Coaxial magnetic gears have piqued the interest of researchers due to their numerous benefits over mechanical gears. These include reduced noise and vibration, enhanced efficiency, lower maintenance costs, and improved backdrivability. However, their adoption in industry has been limited by drawbacks like lower torque density and slippage at high torque levels. This work presents an analytical 2D model to compute the magnetic potential in Halbach array coaxial magnetic gears for every rotational angle, geometry configuration, and magnet specifications. This model calculates the induced torques and torque ripple in both rotors using the Maxwell Stress Tensor. The results were confirmed through Finite Element Analysis (FEA). Unlike FEA, this analytical model directly produces harmonics values, leading to faster computational times as it avoids torque calculations at each time step. In a case study, a standard coaxial magnetic gear was compared to one with a Halbach array, revealing a 14.3% improvement in torque density and a minor reduction in harmonics that cause torque ripple. Additionally, a case study was conducted to examine slippage in both standard and Halbach array gears during transient operations. The Halbach array coaxial magnetic gear demonstrated a 13.5% lower transmission error than its standard counterpart.

1. Introduction

Magnetic gears (MGs) possess significant advantages compared to mechanical gears such as a lower level of noise and vibration, backdrivability, lower maintenance cost and higher reliability [1] due to the absence of contact between the moving parts. Due to the above advantages, MGs have been used in several power transmission applications such as in aircraft mechanical transmissions [2,3,4], electric vehicles [5], wave energy conversion [6,7,8] and space applications [9]. However, the lower torque density (typically one order of magnitude [1]) of the MGs compared to mechanical gears and rare-earth materials scarcity prevents the wide adoption of these drives in the industry. To overcome this issue, a significant number of topologies of MGs have been proposed by researchers while the modelling and optimization of MGs have been extensively discussed in the literature.
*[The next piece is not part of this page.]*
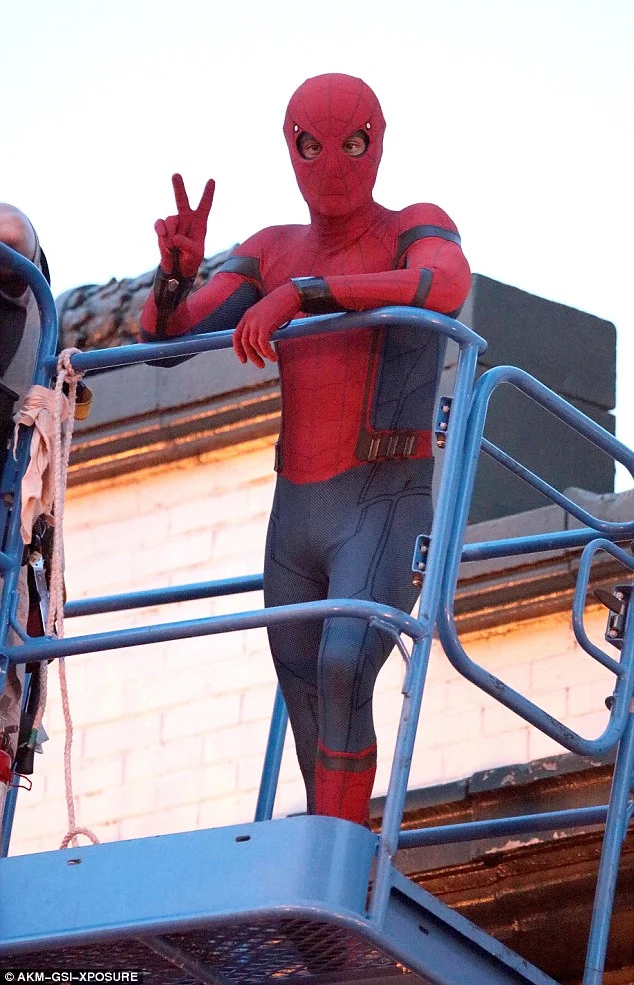 (Source: http://www.dailymail.co.uk/tvshowbiz/article-3765702/Make-webs-not-war-Tom-Holland-flashe-peace-sign-takes-filming-Spider-Man-Homecoming-Atlanta.html)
A promising topology for the increase in the torque density in MG drives is the coaxial magnetic gear (CMG) arrangement proposed in 2001 by Atallah et al. [10]. CMG performance can be further improved if the permanent magnets (PMs) are placed in a specific arrangement called Halbach array [8,11,12,13]. Halbach arrays can create a strong magnetic field [14] due to their inherent capability to generate a one-sided magnetic field [15]. The Halbach array CMG (HAL-CMG) drive has a higher torque density, superior dynamical response under load and good self-shielding magnetization [16,17,18,19]. However, these drives insert further parameters in the optimization process, making the problem of increasing the torque density computationally intensive. Therefore, an analytical calculation of the torque would significantly reduce the computational cost required to achieve optimal torque density for a given configuration of the HAL-CMG drive and in general would facilitate the design of application-specific HAL-CMG drives. The magnetic field is calculated analytically through a 2D model developed by Jian et al. [20] assuming equipotential iron pole pieces. The induced torques in the inner and outer rotor of the CMG are calculated from the Maxwell Stress Tensor [21,22,23,24]. Thus, the calculation of the dynamical response of the CMG drive during transient operation of the CMG drive would require the calculation of the induced torque in every time step, increasing significantly the computational cost. Recently, a new methodology [25] developed by the authors proposed an analytical method of calculating the torque in every angle of rotation of the CMG rotors. The methodology for obtaining analytical solutions for the induced torques is similar to the case of axial magnetic gears [26]. With the model developed in [25], the torque is calculated analytically in only one position and through an analytical formulation, can be obtained in every other angle of rotation. Therefore, the computational cost required for the calculation of the dynamical response and the resulting slippage of the CMG drive during transient operation is significantly reduced.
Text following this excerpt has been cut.